One final point is that, in one of the other posters presented at AHS, it turned out that if patients started with 70 mg of erenumab and had no response within a month, at that point, it's useful to switch to 140. So, one needs to make the switch to 140 pretty quickly if one is not starting a patient with 140 in order to optimize the likelihood of reversion from chronic to episodic and from acute medication overuse to non-overuse. But, I really can't overstate how dramatic the shift in clinical practice is as a result of these findings.

Neurology Consultant: What direction should future research take after this study?

Dr Tepper: This study was a post-hoc analysis of an open-label extension trial, and the fremanezumab data that were presented last year also were post-hoc analyses. And, I think to really be the currency with which we do evidence-based medicine, it probably is worthwhile to do a prospective randomized controlled trial to look at medication overuse headache, remission as the primary outcome. And my understanding is that at least one of the companies that makes monoclonal antibodies is planning to do a prospective MOH remission study. That would be a good idea. It would add a cherry on top of the sundae.

Neurology Consultant: What key takeaways do you hope to leave with neurologists on this topic?
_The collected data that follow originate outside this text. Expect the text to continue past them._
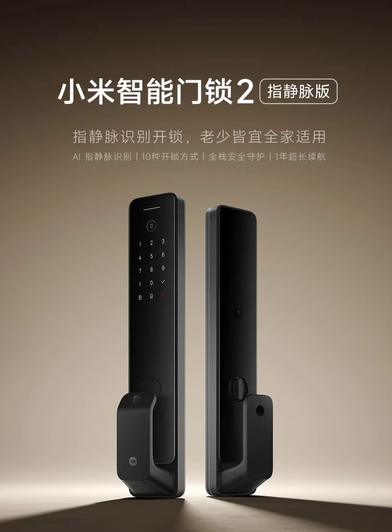Xiaomi's latest smart door lock, called the Xiaomi Smart Door Lock two-finger vane version, ditches fingerprints for a futuristic security solution: finger vane recognition. This tech promises even greater security than fingerprint scanners, with an error rate touted to be 10 times lower.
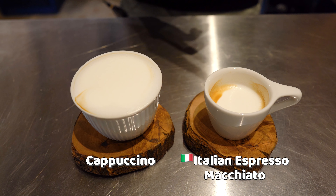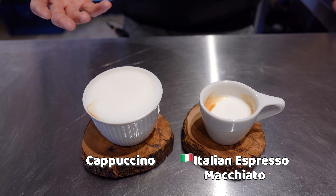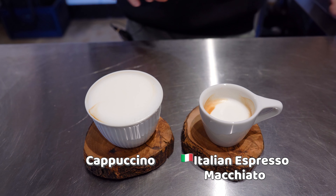You'll notice a lot of similarities between the macchiato and the cappuccino, and that is because they are incredibly similar to each other — it's just one has a lot less milk compared to the other. It's not my favorite drink, I'm going to pass today. I love it. Okay.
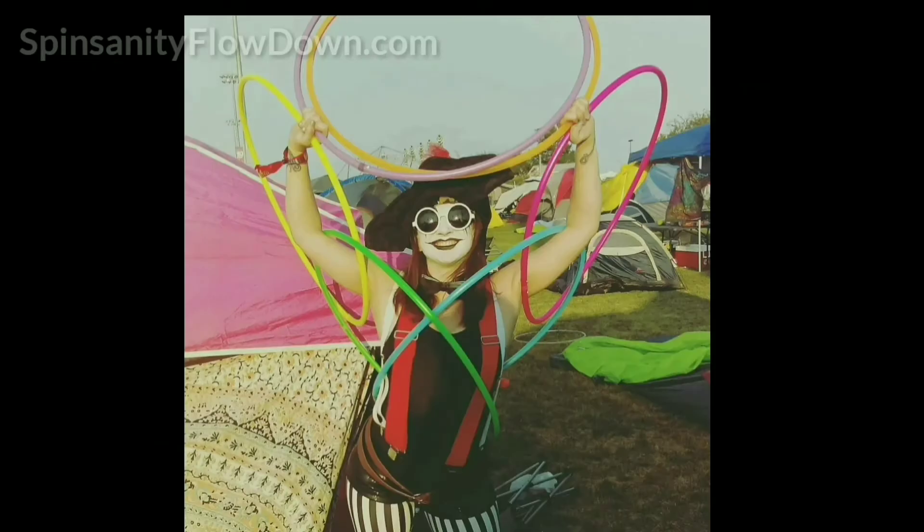Emile Kolar - Fire Flow Demonstrator and Instructor. Along with thrilling the crowd with her flaming flow skills, Emile is going to teach us how to step up our circus game. She is going to share the secrets to juggling and balancing.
Dr Tepper: The key takeaway is that this is a time of great change and great hope for the patients that have the most difficult-to-treat headaches, and a lack of success with prior prevention represents not only a difficult-to-treat population, but also a requirement by most payers. So, most payers are requiring a lack of success with prior preventive therapy, and usually it's 2 categories of prior prevention, sometimes it's 3 or 4 categories, depending on the payer. The American Headache Society recommends a lack of success with 2 prior preventions or on a onobotulinumtoxinA.

This post-hoc analysis shows that, if one adds up patients who have had a lack of success with prior prevention, who are in chronic migraine, who are overusing triptans or analgesics or combination analgesics or combinations of all 3 ,and one gives erenumab, the likelihood is 70% or greater that those patients who are really our target patients will remit to episodic migraine and to non-overuse of the acute medications over a year of use of erenumab, and the likelihood is greater if the patients take 140 mg rather than 70 mg.

So, I would encourage my colleagues to take patients who have chronic migraine and acute medication overuse and combination acute medication overuse and lack of success with a couple of previous preventive therapies, and start them with 140 mg of erenumab, and watch the migraine days and acute medications drop over time.